Altre aziende della Silicon Valley, come Apple, usano un doppio standard etico quando si tratta di Cina, inchinandosi alle richieste censorie del regime di Pechino e al tempo stesso mostrandosi come paladini della libertà nell’occidente democratico. Ma se il successo di Apple in Cina è un caso particolare (vende hardware, non servizi online), per gli altri c’è un problema: se anche il governo cinese consentisse loro di entrare nel mercato locale, Google e Facebook farebbero flop.

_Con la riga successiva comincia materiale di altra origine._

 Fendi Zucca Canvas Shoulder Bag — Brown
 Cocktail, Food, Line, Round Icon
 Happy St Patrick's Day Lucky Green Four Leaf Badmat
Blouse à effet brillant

Due ragioni. La prima è che un decennio senza concorrenza ha consentito alla Cina di sviluppare dei fortissimi campioni nazionali su internet. Gli utenti cinesi usano Baidu, i prodotti di Tencent, Alibaba, e le ricerche di mercato mostrano che hanno poco appetito per nuove app americane. Robin Li, fondatore di Baidu, il principale motore di ricerca cinese, ha detto di non avere alcuna preoccupazione per l’eventuale ritorno di Google. Come raccontava un bel reportage di Li Yuan pubblicato ieri sul New York Times, inoltre, i giovani cinesi cresciuti senza Google e Facebook si sono ormai abituati a un regime di stretta censura, e non desiderano uscirne: il Times cita uno studio dell’Università di Stanford in cui ad alcuni studenti cinesi sono stati dati device capaci di superare le barriere della censura, ma più della metà dei soggetti della ricerca non li ha usati, preferendo i servizi approvati dal Partito comunista.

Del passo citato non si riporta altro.